= Beginning of Section =

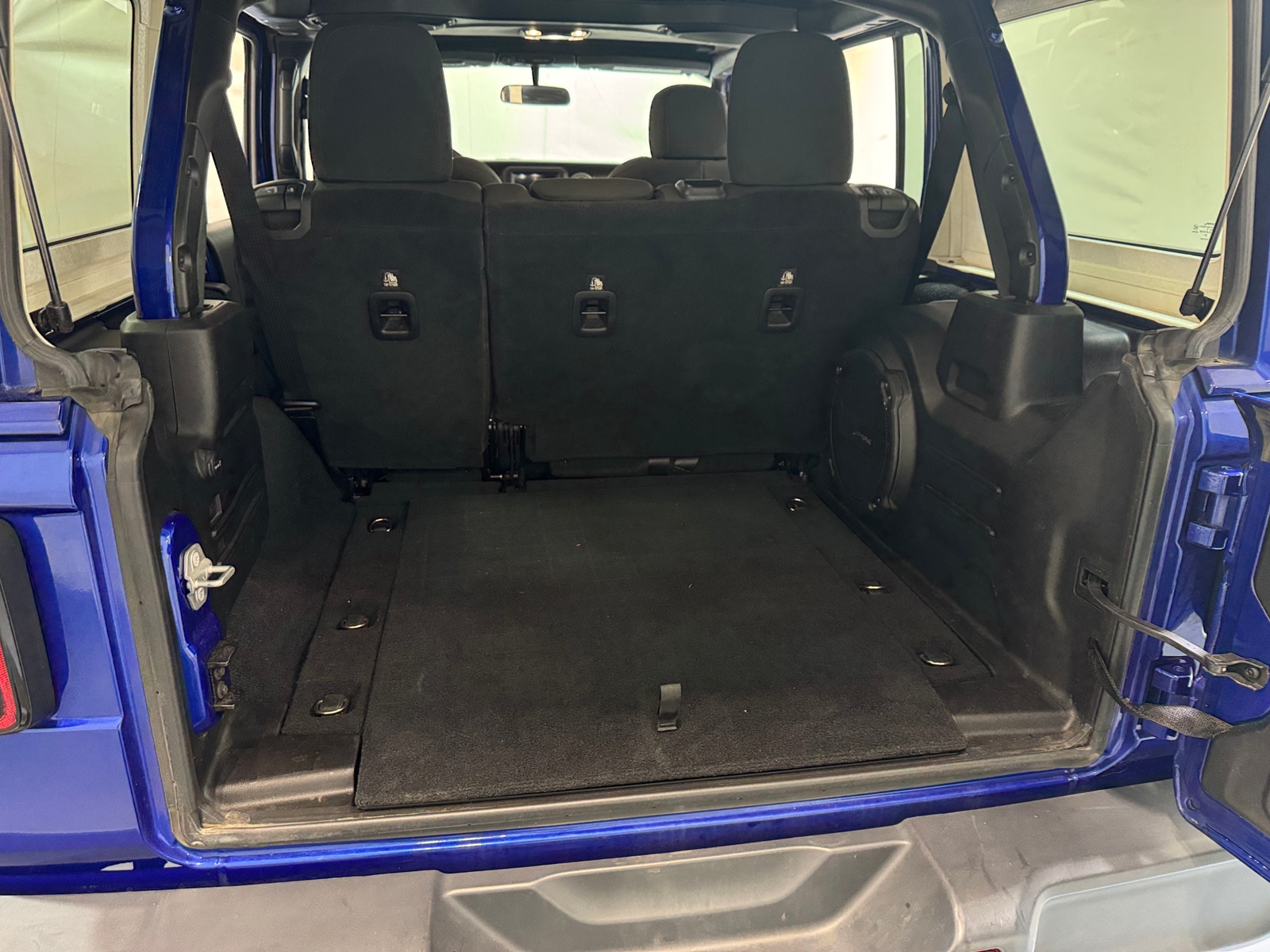 Thumbnail: 2019 Jeep Wrangler - 7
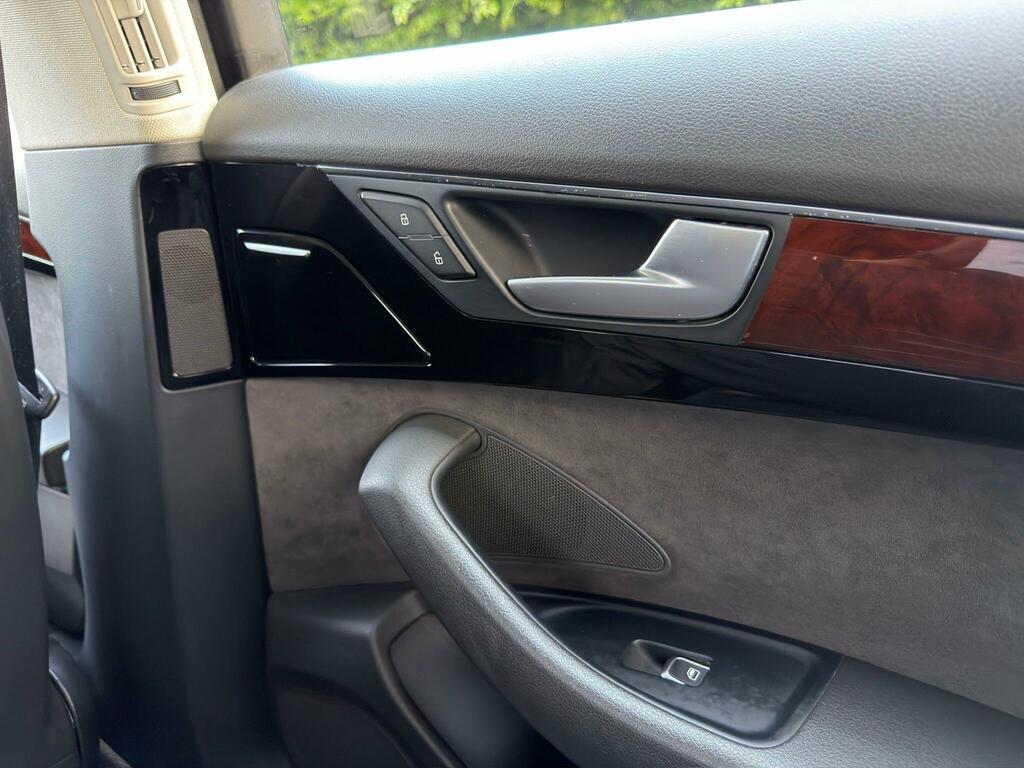 Audi A8 3.0 Tdi Quattro Se Executive 250 Bhp Silver #24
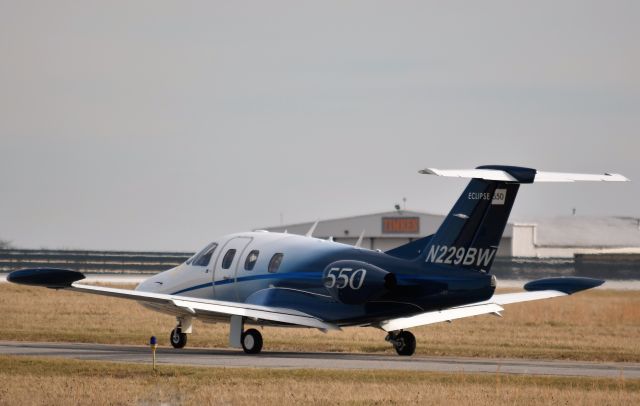 Eclipse 500 (N229BW)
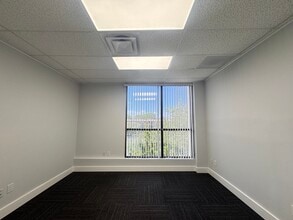 23123 State Road 7, Boca Raton, FL à louer Photo intérieure– Image 1 sur 9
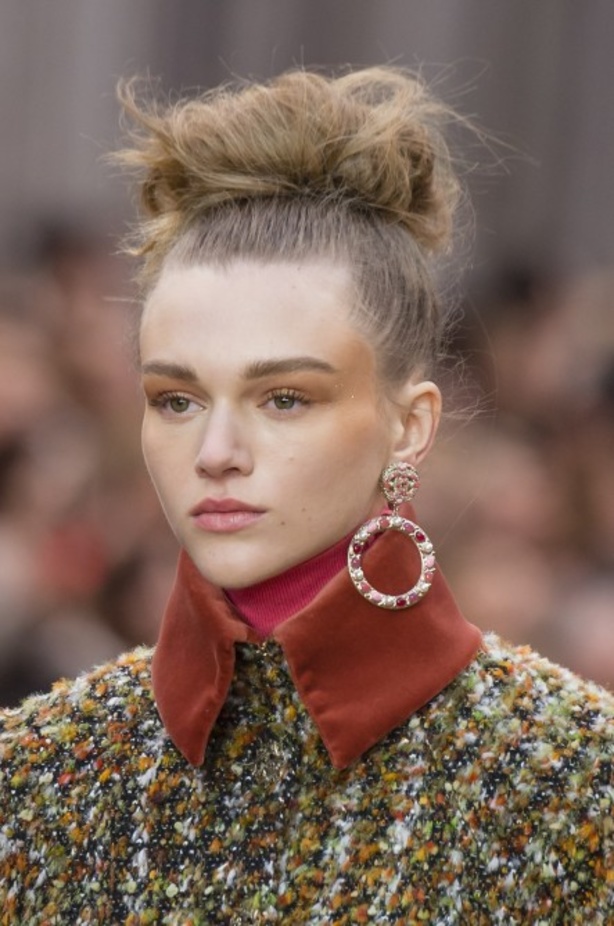 مجموعة شانيل لخريف 2018 تنقلنا الى أحضان الطبيعة الخلابة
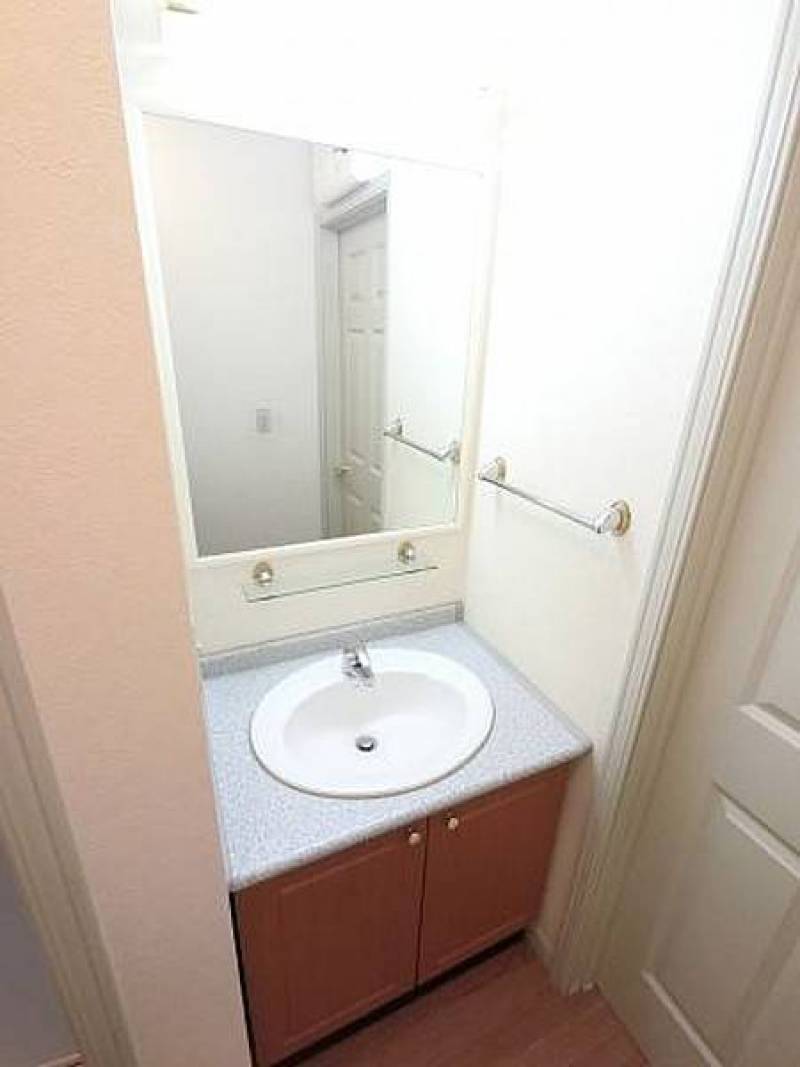 すっきり清潔感のある独立洗面台。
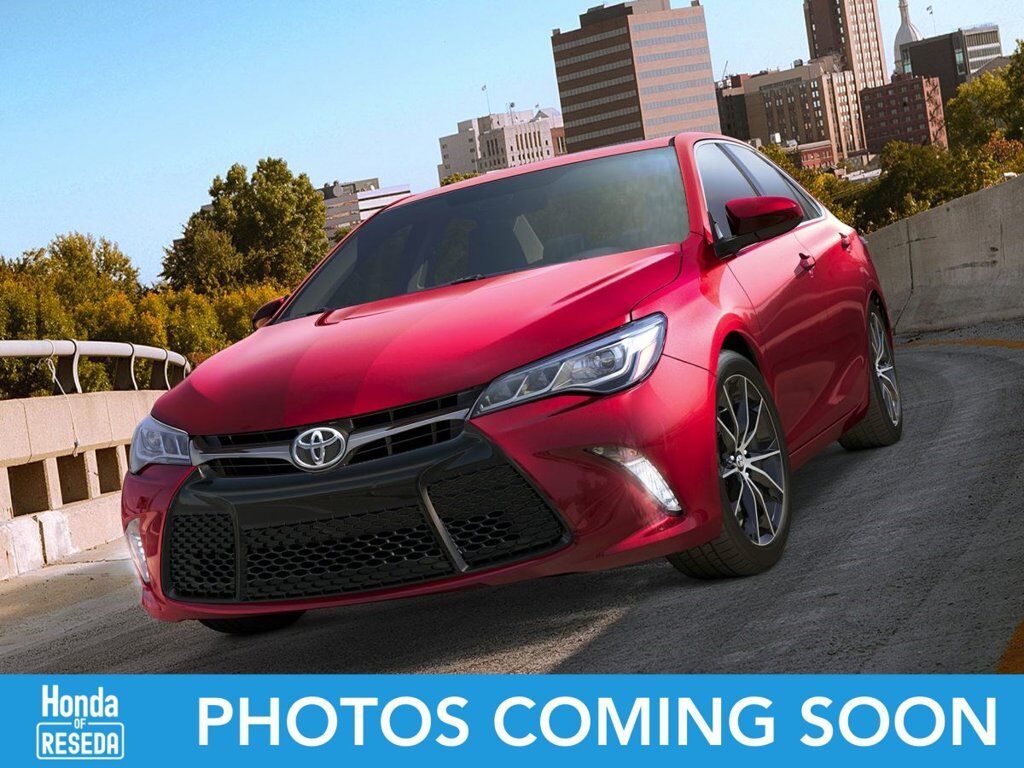 2016 TOYOTA Camry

= End of Section =

### PROBLEM
Transcribe only the lines between the line containing "مجموعة شانيل لخريف" and the final line of the listing, inclusive, exactly as they appear; no pictures are to be included.

### SOLUTION
 مجموعة شانيل لخريف 2018 تنقلنا الى أحضان الطبيعة الخلابة
 すっきり清潔感のある独立洗面台。
 2016 TOYOTA Camry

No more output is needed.